By Marty Finley
Domestic partner benefits has been a heavily-debated subject throughout the year both in Kentucky and throughout the nation. Legislators and citizens have butted heads concerning the possible ramifications of such policies, as well as misconceptions of what domestic partner benefits are. The topic grew especially pertinent between University of Kentucky and University of Louisville during the spring and summer as UK adopted the policy and legislators considered making it illegal at state-funded universities.
The topic reached Eastern Tuesday as students representing various groups, such as the Women’s Studies Program and the Pride Alliance, gathered to petition and call for change on campus.
“Our Web site claims we can have it all,” said Zana Durbin, vice president of the Pride Alliance. “That’s what we’re asking for.”

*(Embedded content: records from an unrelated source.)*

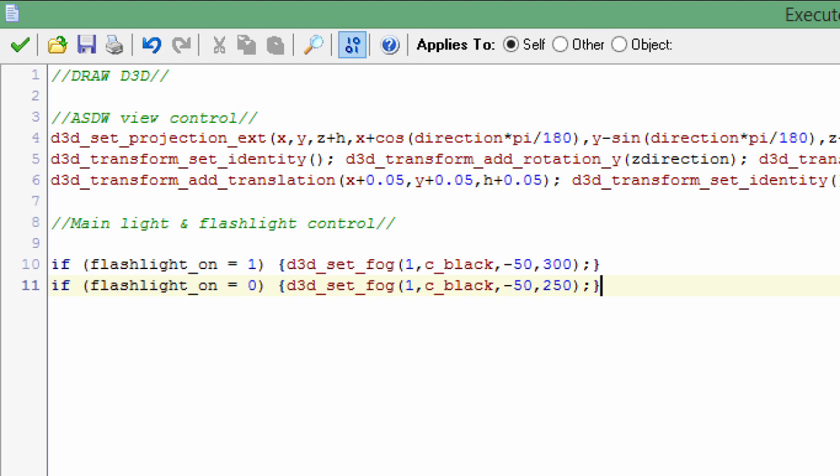So basically, d3d_set_fog - when the flashlight is on, it's going to push the fog 300 away so the player can see further, as if the flashlight were actually turned on. And then if it's off, it moves the fog closer, so it goes from 300 to 250, on to off. That's pretty much it as far as the internals work for how this flashlight is able to reveal more of the room if it's on.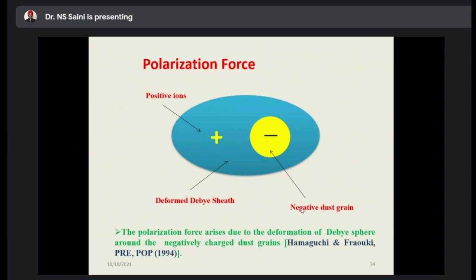Another very important force is the polarization force. Researchers are focusing on different problems under the influence of this force. This force arises due to the deformation of the Debye sphere, which contains a large number of electrons and ions around the negatively charged dust grain. This was first reported by Yamaguchi and Furuki, published in Physical Review and later in the Proceedings of Large Mass. When deformation of the Debye sphere takes place, this polarization force is generated.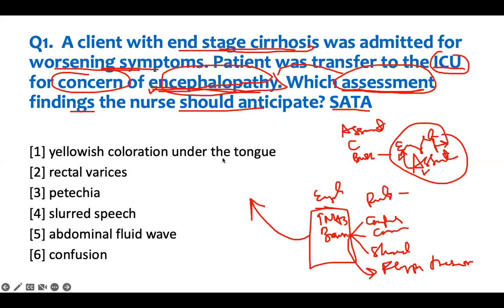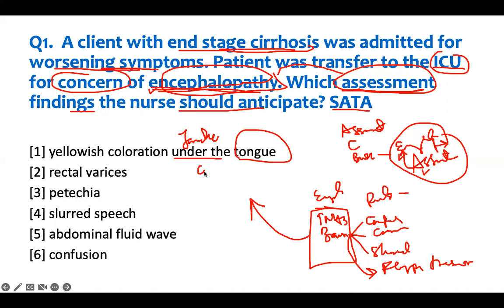Yellowish coloration under the tongue — that means the patient has jaundice under the tongue. You can find jaundice under the tongue, in the eyes, or on the skin. But this is consistent with cirrhosis and end-stage liver disease, not encephalopathy. Therefore, this answer is wrong.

The event began on Powell corner earlier in the day as students stood outside in the cold passing out fliers and holding signs presenting the argument that equal rights was a necessity at Eastern.
Durbin said the project began in a class with only eight people, but grew exponentially once the Pride Alliance and her professor, who belongs to the Kentucky Fairness Alliance, got involved. As word spread, other groups, such as Student Government Association and the Honors Program, joined and the project gained legs leading to a proposal the groups recently pitched to Eastern President Doug Whitlock, Durbin said.

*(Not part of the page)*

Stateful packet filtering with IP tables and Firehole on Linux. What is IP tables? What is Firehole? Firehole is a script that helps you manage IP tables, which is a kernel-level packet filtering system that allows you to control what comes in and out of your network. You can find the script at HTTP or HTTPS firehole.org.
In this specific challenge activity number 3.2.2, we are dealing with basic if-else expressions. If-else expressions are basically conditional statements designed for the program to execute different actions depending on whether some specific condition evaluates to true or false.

“It’s been kind of a grassroots movement that’s spread,” she said.
The rally in the ravine boasted five speakers representing different departments who all said domestic benefits are key for Eastern to grow as a university.
Richard Freed, a professor in the English department, said he was on the Board of Regents in 2000 when the faculty senate voted for equal benefits on campus, but the proposal was tabled and pushed aside.

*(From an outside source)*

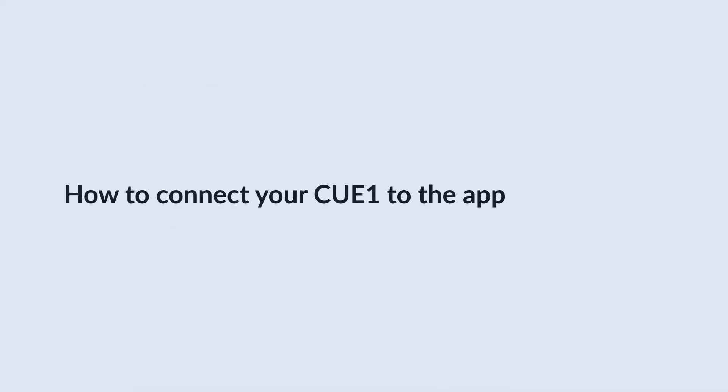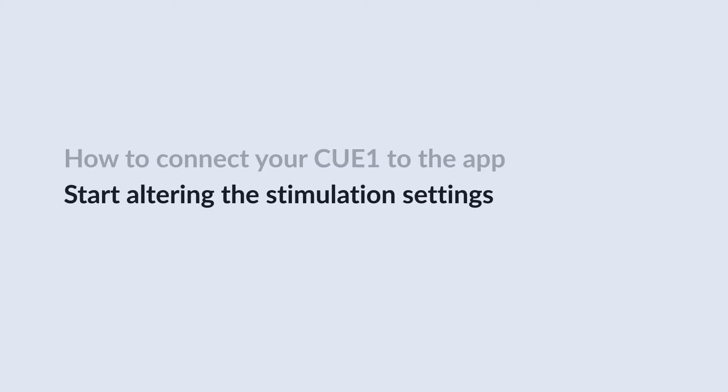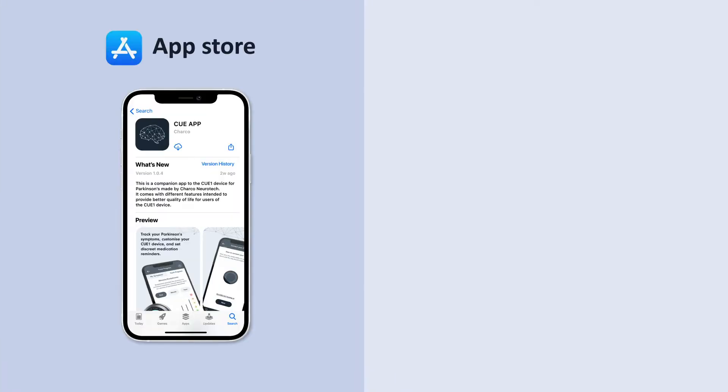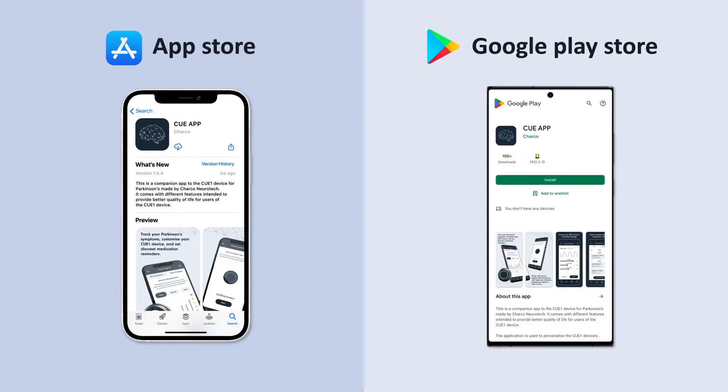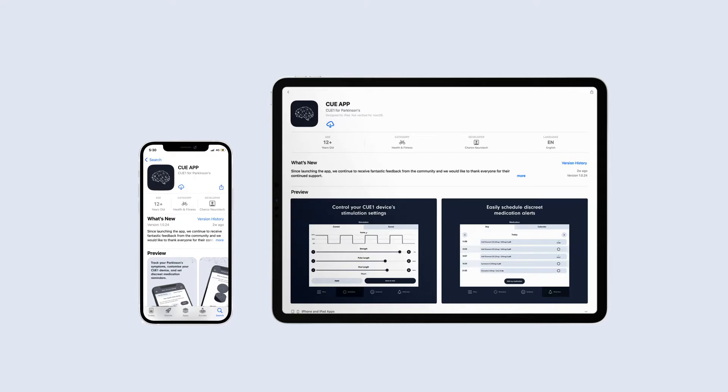In this video, we'll go through how to connect your Q1 to the app and start altering the stimulation settings. First of all, please download the QApp from the App Store on Apple devices and the Google Play Store on Android devices. You can use a phone or tablet, whichever is your preference.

“I was told by our current president at the time, Hanley Funderburk, that it was too expensive and it (basically disappeared),” he said.
He said the rally was a sermon to the converted, but it was a good thing to see so many groups united because a rally like this would not have been possible a few years ago.
“I (hesitate) to be a cockeyed optimist here, but I think people are more open minded (now),” he said.
Meg Gunderson, a professor of English, theatre and women studies, spoke on how the refusal of Eastern to address domestic benefits is blatant discrimination. She said the faculty senate was ready in 2000 to make it law, but the administration was not ready.
“It’s remarkable we have to be here at all.treating each EKU worker equally is, quite honestly, common sense,” Gunderson said.
She said the situation is usually blamed on money issues, but she claimed universities who already have domestic partner benefits add a maximum of 2 percent in expenses to their budgets.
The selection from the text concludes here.